Em meados de 38, Martins dos Reis foi substituído por João Silva, na Europa, a guerra civil de Espanha terminava para logo começar a aventura alemã nos Sudetas. No Tarrafal, longe da Vida, a “frigideira” ameaçava agora os insubmissos cativos do arame farpado.
José Diniz, definhando e febril recusara-se certo dia a transportar pedras, o corpo ardia flagelado e desidratado. João Silva, por indicação do famigerado Seixas, fez conduzir o rebelde aos aposentos de “luxo” a refrear os ânimos.
A “frigideira” de cimento, sete de metros de comprido por três de largo, dividida em dois por uma parede interior, era o castigo sempre à espreita para os menos dóceis, luz e ar apenas através de pequenos buracos na porta. Durante o dia, o sol quente aquecia as portas e as paredes, insuportável, torturando os corpos desprotegidos, água só em pequenas quantidades. À tortura da sede juntava-se a fome, pão e água apenas em dias alternados, por vezes por períodos dilatados, aqueles que o director entendesse.
José aguentou 37 dias da primeira vez. Ao sair era um farrapo, mantido vivo pelo ódio mas mais respeitado pelos companheiros, testado na provação, silenciosamente condecorado pela dignidade. Nos dois anos seguintes, mais duas vezes regressou, a família em Sintra sem saber novas, noites e dias bebendo água fétida e espantando mosquitos, de quando em quando uma morte no campo a lembrar quando chegaria a sua vez.
Em finais de Novembro de 1941, nova visita à frigideira, repetentes, ele e o Ernesto Ribeiro, já debilitados, a biliose apoderando o corpo frágil, quebrantado pelas sevícias e antecedendo o fim da linha: Ernesto, a 8 de Dezembro, José quatro dias depois.
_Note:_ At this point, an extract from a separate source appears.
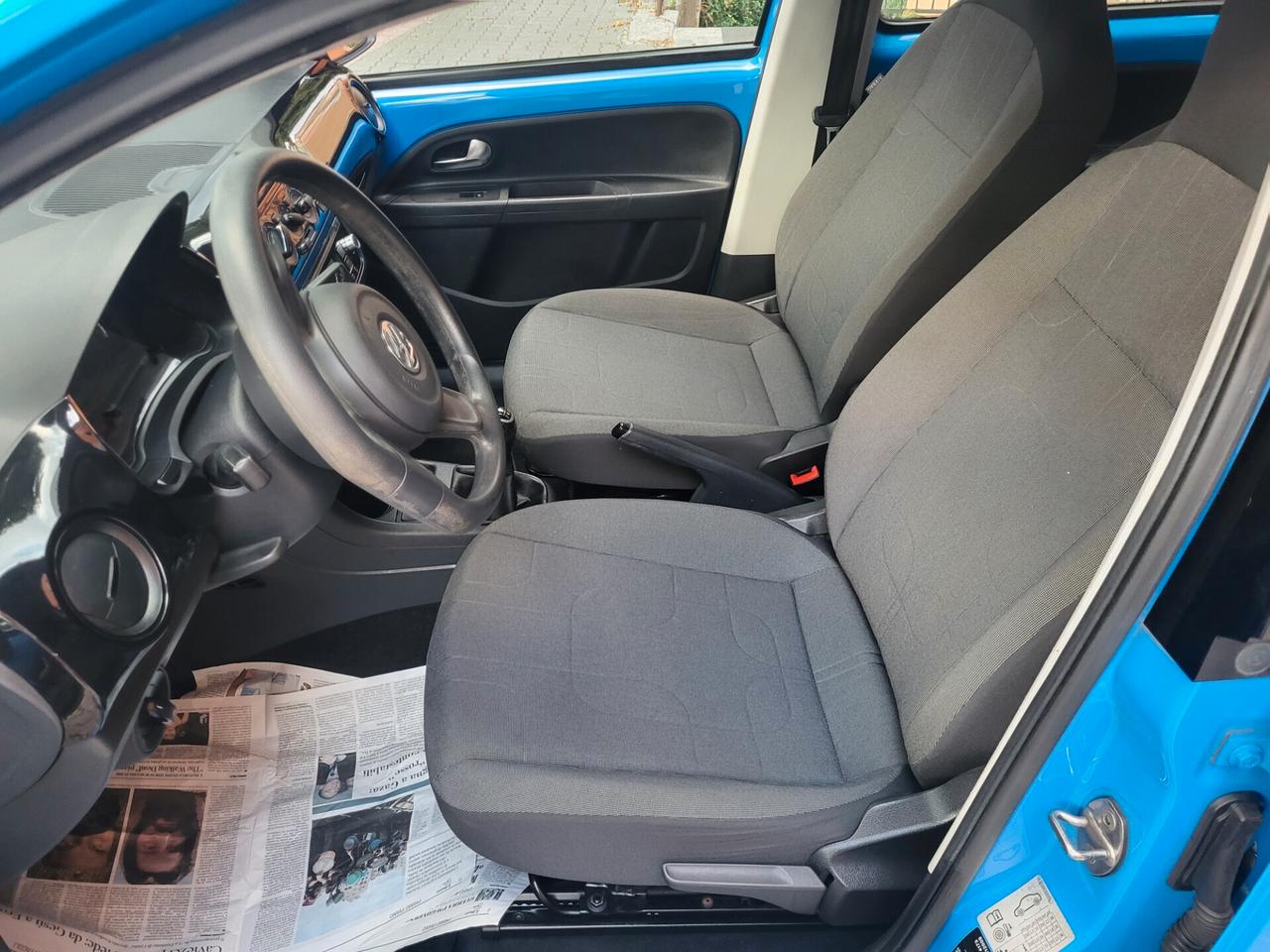 Volkswagen up! 1,0-UNICA PROPR-EURO 6-3 REVISIONI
Na tenda apodrecida, Bento Gonçalves, comunista clandestino, sofria silencioso, pelo martírio, os companheiros obtinham finalmente a libertação, ele próprio preparado já para a sua vez, o dia de cortar o grilhão haveria de chegar, cedo ou tarde. E chegou. Para eles, tarde.
A 18 de Fevereiro de 1978 os corpos de 32 prisioneiros tombados no campo da morte lenta foram transladados para Lisboa e erguido um monumento às vítimas desse tempo infame no cemitério do Alto de São João. José Diniz, Ernesto Ribeiro, Bento Gonçalves e outros mártires do Tarrafal repousam finalmente na terra que lhes expropriou a liberdade mas não conseguiu roubar a dignidade.